An activity to help students start thinking about data! Students create three dimensional bar charts from data cards. This gives them an intuitive understanding of how individual data points link to a visualization, and why a visualization is useful.
Download Lesson Plan Here: Data Cards Lesson plan
What you need
- Uniform blocks or boxes (for example plastic takeaway boxes). The amount you will need depends on how many students will be simultaneously taking part in the activity. For a group of 5 we would recommend 50 boxes. For this reason this activity is best delivered in small groups.

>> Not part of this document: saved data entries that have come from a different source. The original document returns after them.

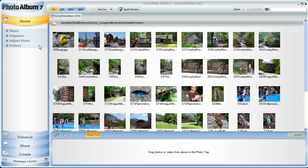At first glance at the Home tab, you'll see there are four sub-areas called Share, Organize, Adjust Photo, and Protect. All four of the main tabs have a Share feature, with the Home tab having the most sharing choices.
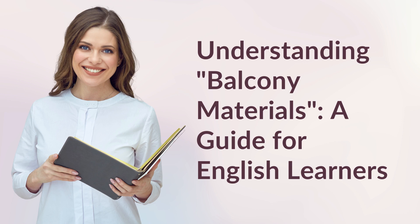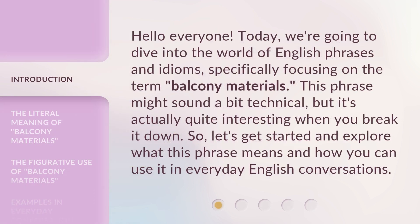Hello everyone, today we're going to dive into the world of English phrases and idioms, specifically focusing on the term 'balcony materials.' This phrase might sound a bit technical, but it's actually quite interesting when you break it down. Let's get started and explore what this phrase means and how you can use it in everyday English conversations.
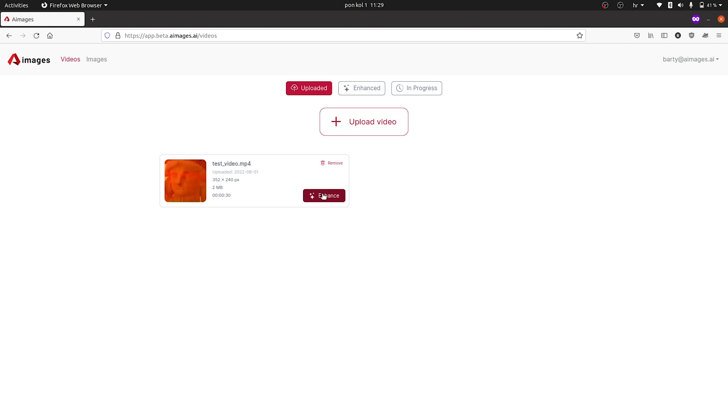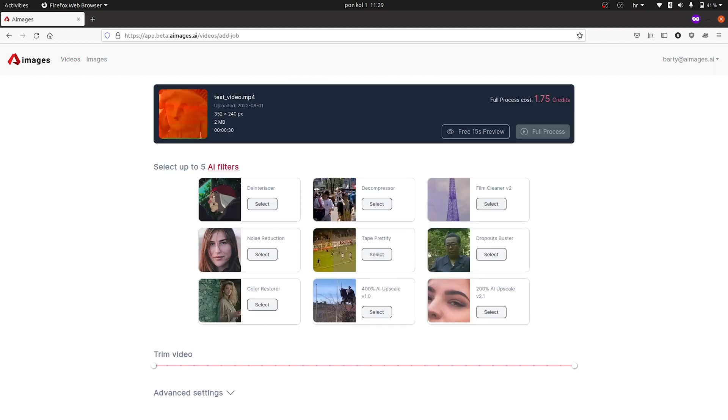So with A-Images, you can effortlessly enhance your videos and images. Really, Jay? Effortlessly? Yes, effortlessly — and I'm about to prove it. Let's look at videos first. Start off by uploading the file you want to enhance. Hop into the Enhance dashboard and select the enhancements you want to use. There are a bunch of filters to choose from, like upscaling the resolution, restoring the color, and reducing noise.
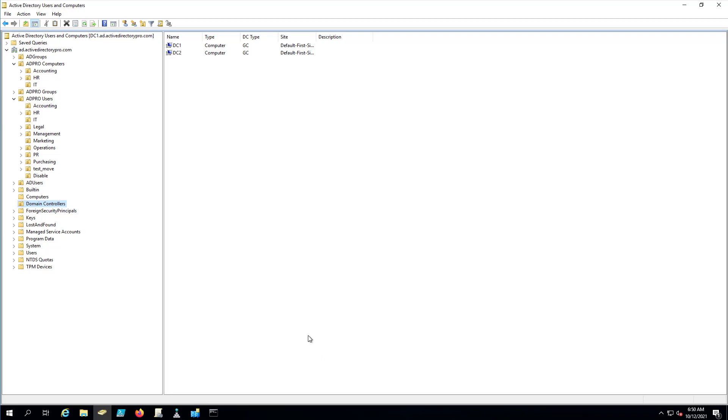So that's it for this video. I showed you two options for removing domain controllers. Again, if you're using 2008 and above servers, you don't need to use the command line to clean up metadata. It's all done automatically for you. If you go to my website, I've got an article on this that walks through all the steps, and it's got a couple of links to some references of some Microsoft documents that talk about the automatic cleanup of the metadata.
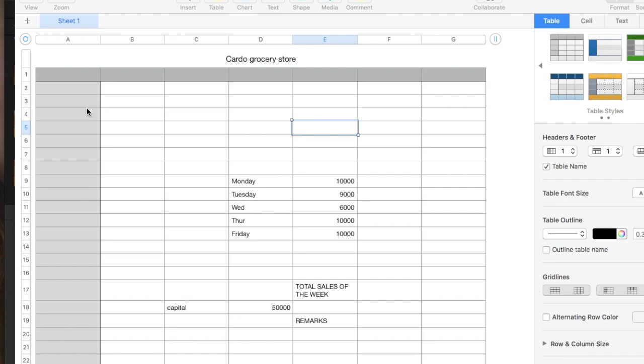As you can see here, I have come up with the name of a grocery store. I named it Cardo Grocery Store. So, I have come up with the sales from Monday up to Friday.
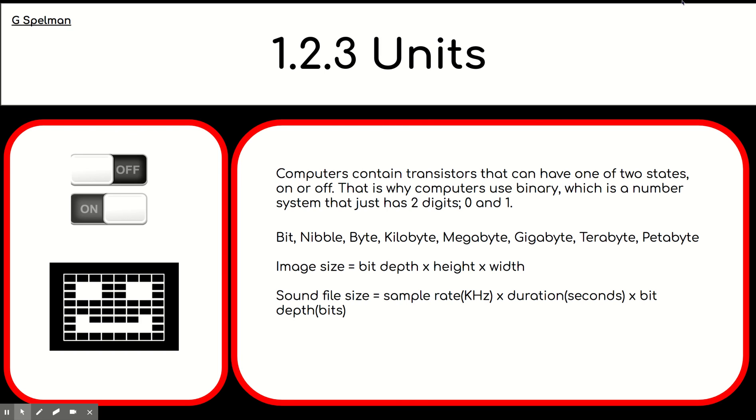We've learned that we can calculate image size by timesing bit depth by height by width. And we've learned that we could calculate the sound file size by timesing the sample rate by the duration by the bit depth. So, that's quite a lot that we have learned.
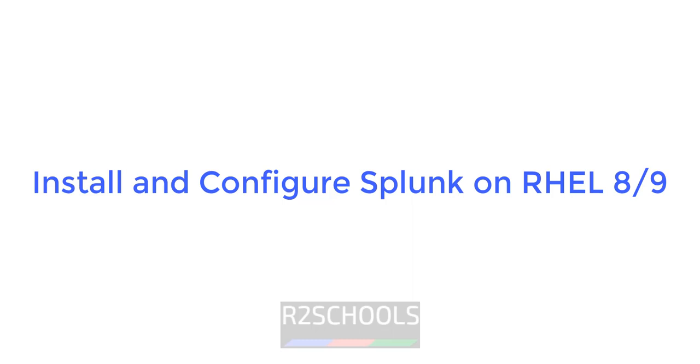Hello guys, in this video we will see how to install Splunk on RHEL 9, but the process is same on RHEL 8 also.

- Printed data cards. We recommend the CensusAtSchool Data Cards which are from New Zealand (CensusAtSchool website). We have made a version of the cards sized at A6 each available here: NZ Data Cards
- Printed category headings (optional). These specify the different attributes for example (red hair, black hair, blonde hair, brown hair). These are used for building the towers on top of. But the activity can still be down without these.
To-do before the activity
- Print out the data cards and cut them out.
- Stick one card onto each of the blocks / boxes.
Activity
- Ask students to stack cards by different variables (a good place to start is hair colour). They will create 4 towers, one for each hair colour.
- Once they have created each tower, ask which hair colour is the most common. They should say the tower which is the highest. This links the core idea of data points being linked to graphs, and the use of visualisations in ease of data understanding.
- This can be repeated with other variables such as eye colour, transport option, or whether they like pineapple on pizza.
- Another activity is ordering the boxes by numerical variables, if your class is confident.